Monsieur le président, mes chers collègues, quand le Premier ministre nous a assuré que la révision constitutionnelle de juillet 2008 apporterait « un véritable poids démocratique au Parlement », le pensait-il vraiment ? Quelle que soit la réponse que l'histoire apportera à cette question, il faut admettre que, si cette révision visait bien l'Assemblée nationale, c'était en fait pour l'asservir à la volonté de l'exécutif.
Il m'appartient, avec mes collègues de l'opposition, de vous rappeler la lourde responsabilité que nous impose notre qualité d'élus de la nation et de représentants du peuple désignés par le suffrage universel. Nous sommes démocratiquement investis de la charge souveraine de veiller à la préservation des droits et des libertés, en refusant toute atteinte à l'État de droit et à son expression démocratique. Telle est notre légitimité.

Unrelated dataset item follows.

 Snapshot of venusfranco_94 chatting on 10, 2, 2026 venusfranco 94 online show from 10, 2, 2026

Aux questions qui doivent nous imprégner lorsque nous légiférons sur le sens de la loi, sur sa qualité et sur son applicabilité, s'en ajoute une qui porte sur le fondement même du régime parlementaire : exprimons-nous l'intérêt général ? Lorsque la loi devient l'instrument d'une stratégie politique, un artifice en quelque sorte, et plus encore lorsque les modalités de son vote font l'objet d'une instrumentalisation partisane, il s'agit d'un manquement grave aux principes démocratiques et au mandat que les citoyens nous ont confié.

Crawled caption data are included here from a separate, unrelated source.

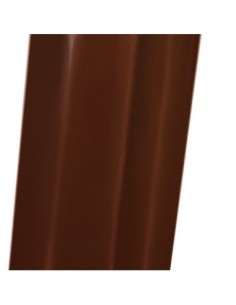 BOMBON PACKS CASTY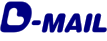 D-MAIL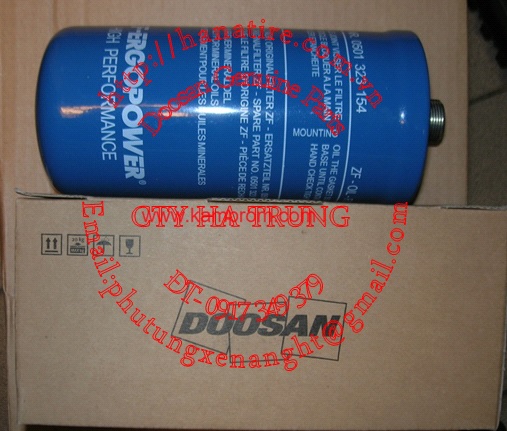 doosan K1029612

Votre réforme est-elle, oui ou non, un progrès pour le fonctionnement de l'Assemblée, pour son organisation, pour son travail, et donc pour notre démocratie – ce qui constituerait la seule évolution que nous puissions accepter ? Je dois répondre par la négative, avec regret, car j'aime notre Assemblée nationale et que je suis fier de participer, le plus et le mieux possibles, à l'oeuvre législative, parce que je veux rester fidèle à ceux qui m'ont élu.
Une réforme censée revitaliser notre assemblée ne peut naître de la mort programmée des droits du Parlement, qui résultera de la réduction de ceux de l'opposition.